*ASSIGNMENT:*
From the listing below, reproduce exactly the lines starting with the one with "Semi-Detached House for" and going on through the one with "30486-odder-kirkeager-5 Odder", both ends kept. No picture is copied.

*DATA SHOWN:*
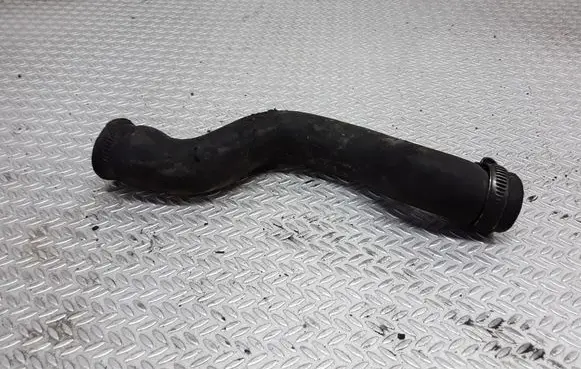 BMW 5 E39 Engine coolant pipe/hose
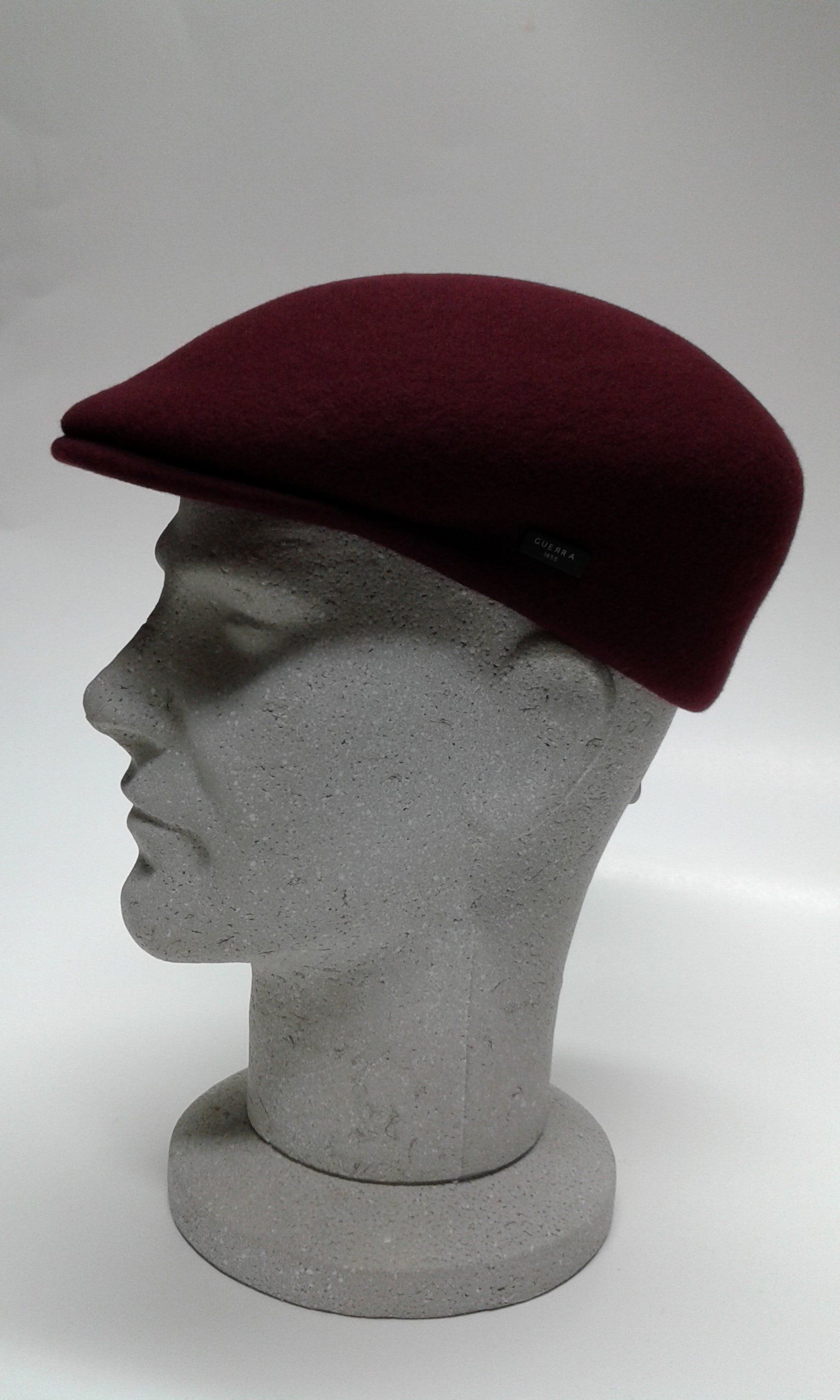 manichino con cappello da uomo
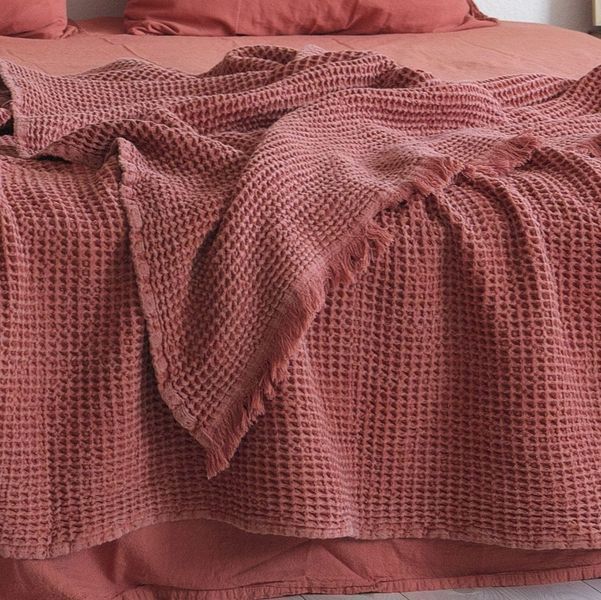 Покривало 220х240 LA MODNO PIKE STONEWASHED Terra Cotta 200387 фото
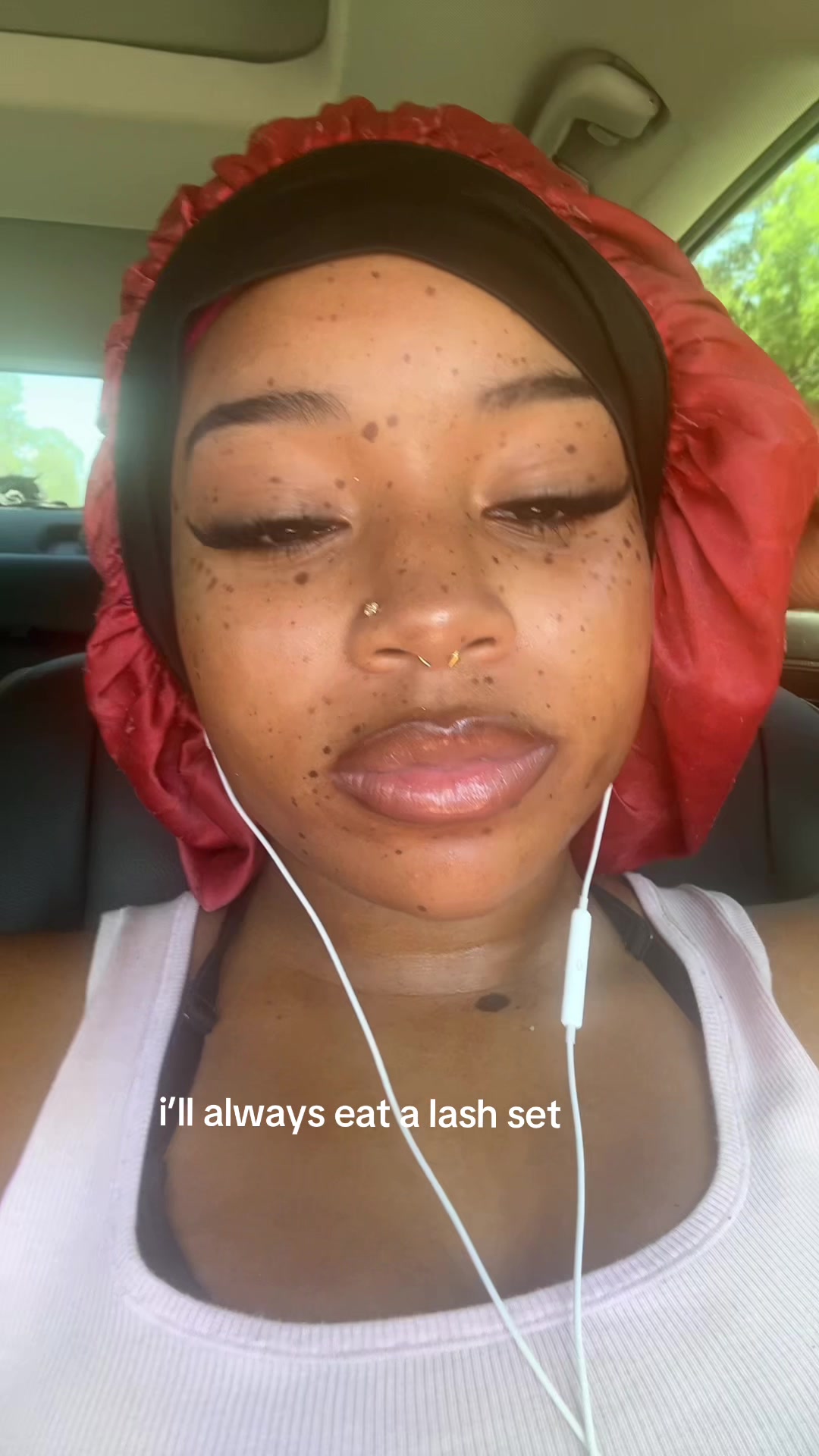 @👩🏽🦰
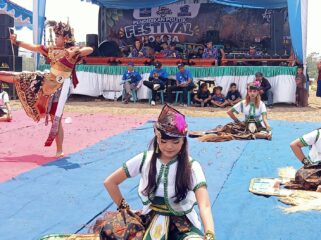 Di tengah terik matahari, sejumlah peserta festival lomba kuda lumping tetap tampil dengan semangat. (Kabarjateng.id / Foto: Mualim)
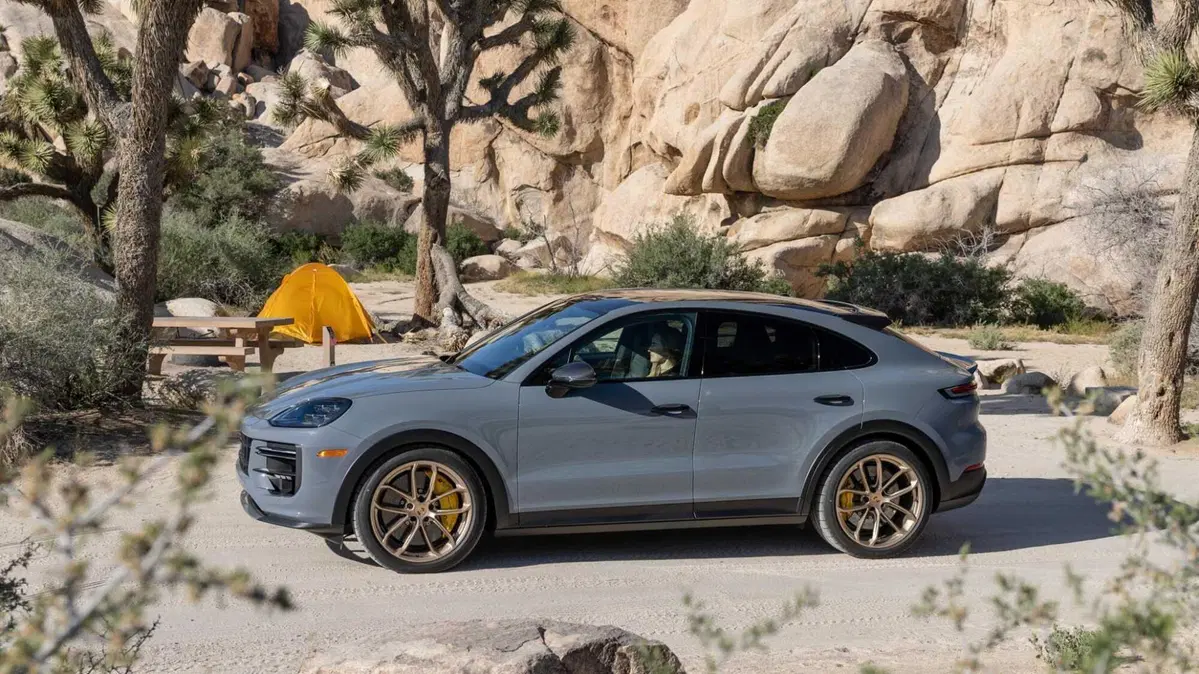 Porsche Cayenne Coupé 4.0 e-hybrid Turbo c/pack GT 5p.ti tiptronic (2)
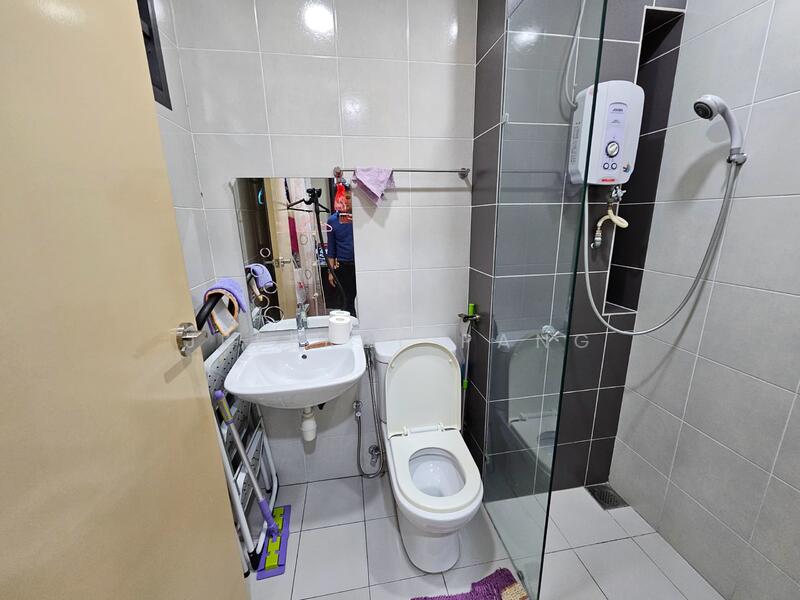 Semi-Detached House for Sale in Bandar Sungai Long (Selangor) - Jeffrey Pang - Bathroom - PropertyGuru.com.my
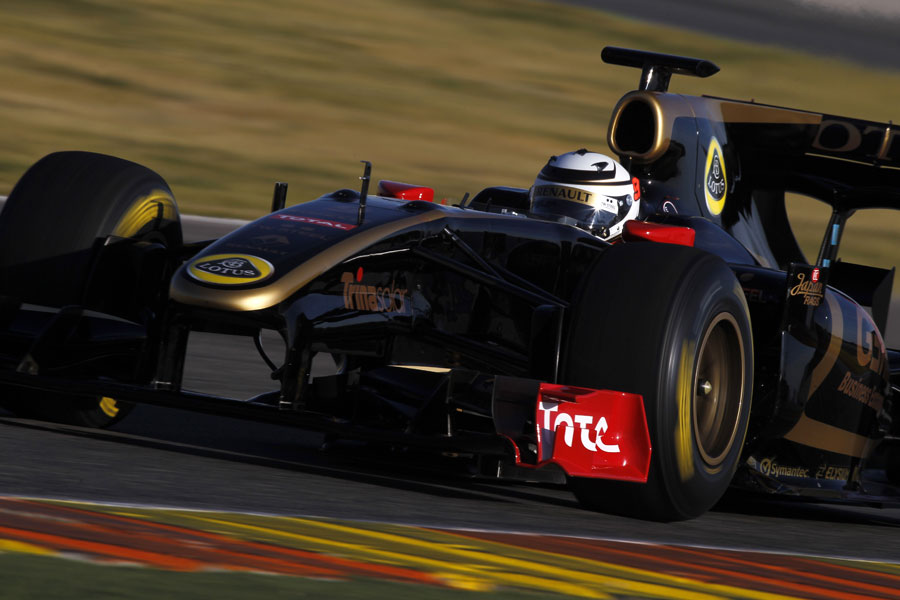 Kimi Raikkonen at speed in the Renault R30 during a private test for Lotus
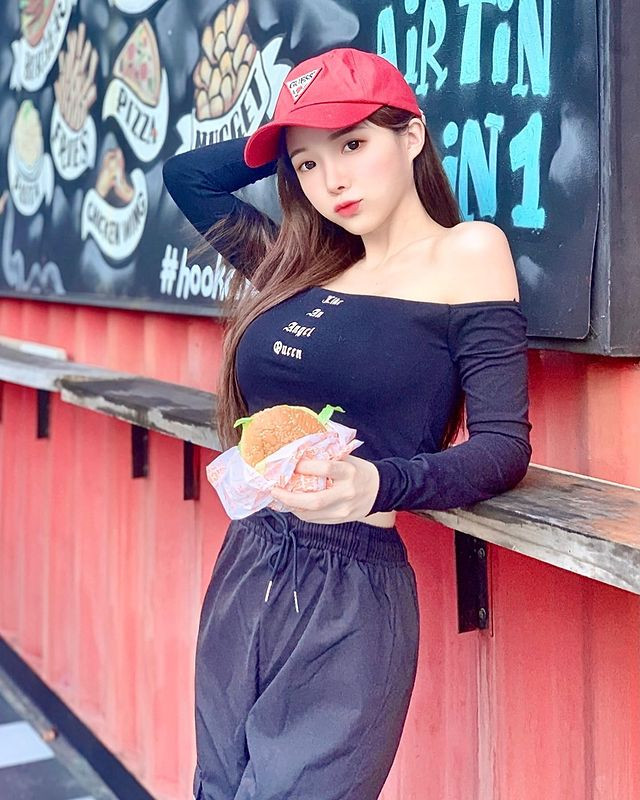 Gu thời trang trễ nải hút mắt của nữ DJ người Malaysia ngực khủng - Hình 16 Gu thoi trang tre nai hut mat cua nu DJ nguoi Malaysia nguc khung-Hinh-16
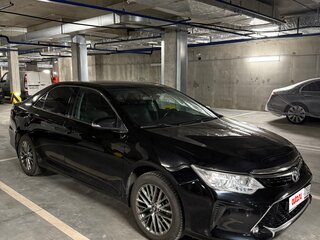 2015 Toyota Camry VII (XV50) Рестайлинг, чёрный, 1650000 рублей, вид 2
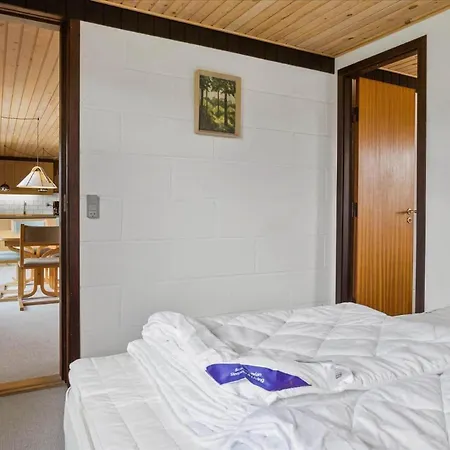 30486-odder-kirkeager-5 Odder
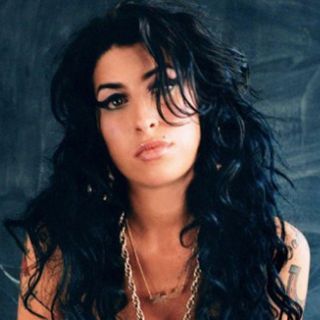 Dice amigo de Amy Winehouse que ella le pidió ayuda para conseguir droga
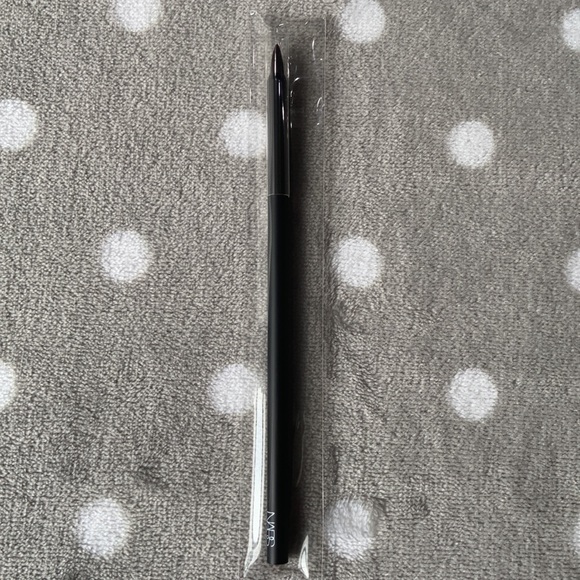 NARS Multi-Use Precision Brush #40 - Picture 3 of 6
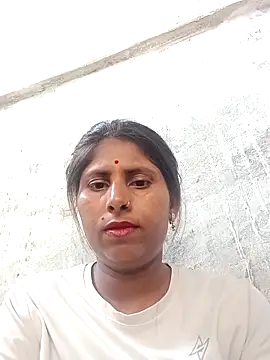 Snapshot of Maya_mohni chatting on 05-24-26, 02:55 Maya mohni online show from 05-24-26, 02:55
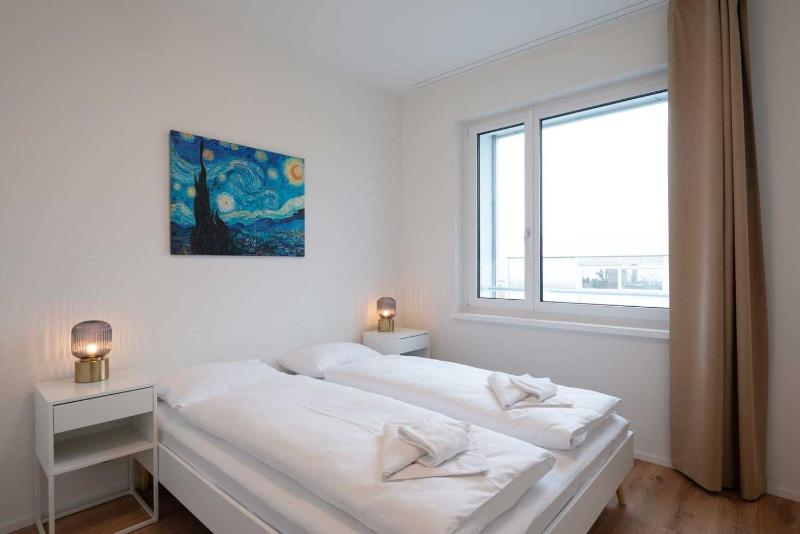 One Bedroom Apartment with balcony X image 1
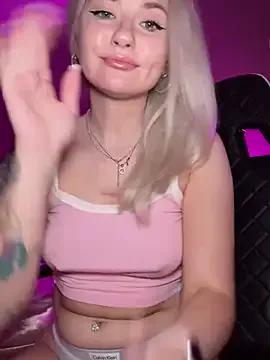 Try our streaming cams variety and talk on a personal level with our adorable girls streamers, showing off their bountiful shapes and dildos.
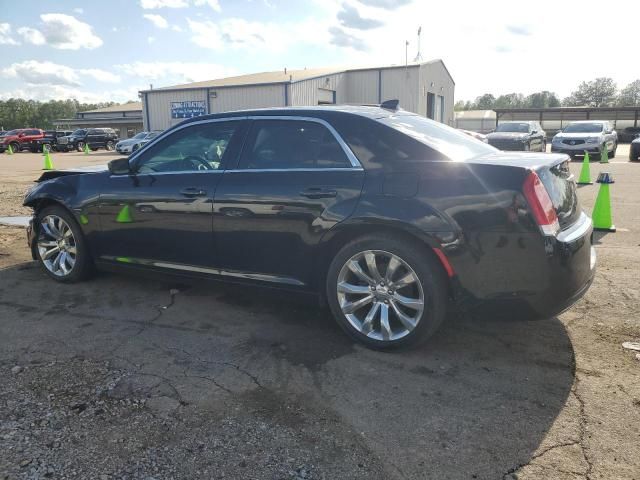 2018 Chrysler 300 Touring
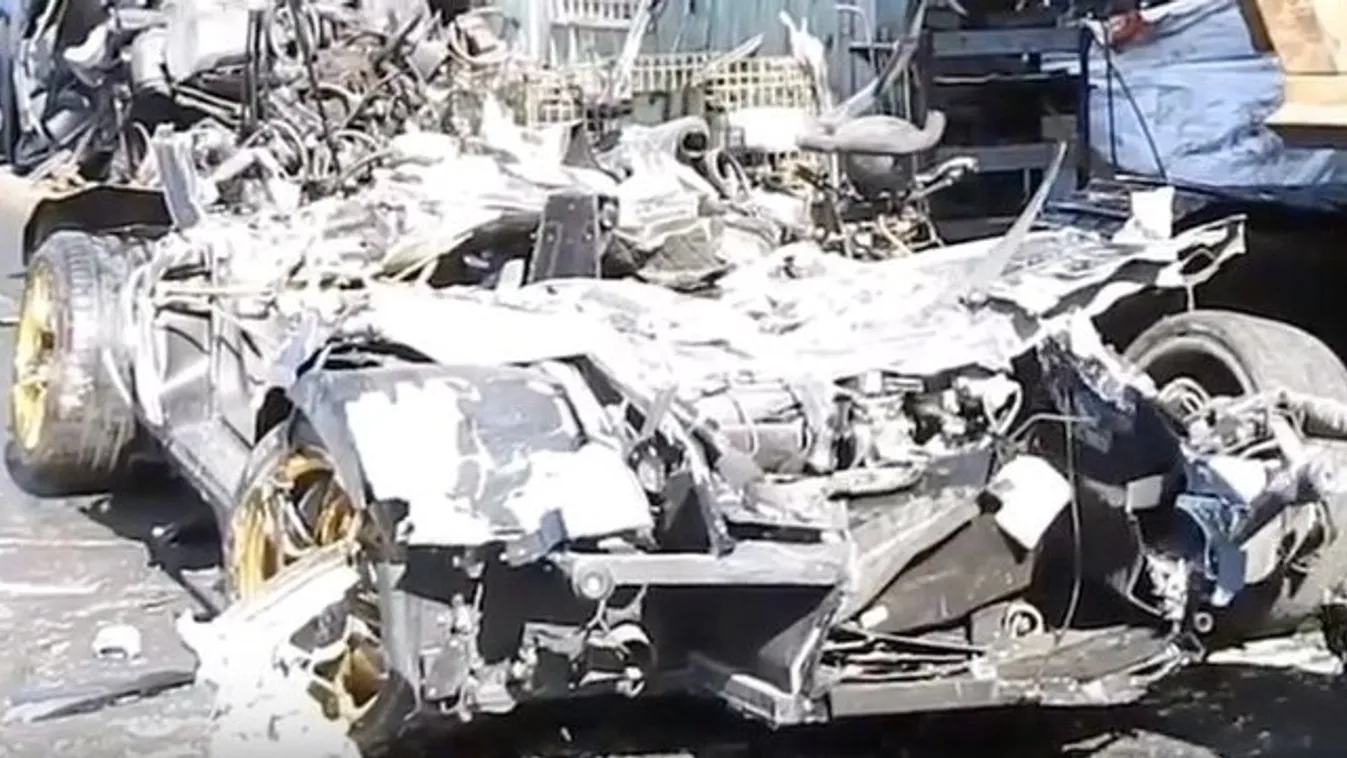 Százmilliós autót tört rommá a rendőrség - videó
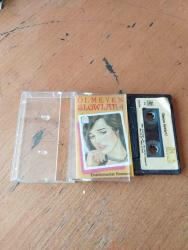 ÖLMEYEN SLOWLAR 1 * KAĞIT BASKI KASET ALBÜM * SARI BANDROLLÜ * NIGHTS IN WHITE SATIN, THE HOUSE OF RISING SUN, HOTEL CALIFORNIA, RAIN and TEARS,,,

*TASK ANSWER:*
 Semi-Detached House for Sale in Bandar Sungai Long (Selangor) - Jeffrey Pang - Bathroom - PropertyGuru.com.my
 Kimi Raikkonen at speed in the Renault R30 during a private test for Lotus
 Gu thời trang trễ nải hút mắt của nữ DJ người Malaysia ngực khủng - Hình 16 Gu thoi trang tre nai hut mat cua nu DJ nguoi Malaysia nguc khung-Hinh-16
 2015 Toyota Camry VII (XV50) Рестайлинг, чёрный, 1650000 рублей, вид 2
 30486-odder-kirkeager-5 Odder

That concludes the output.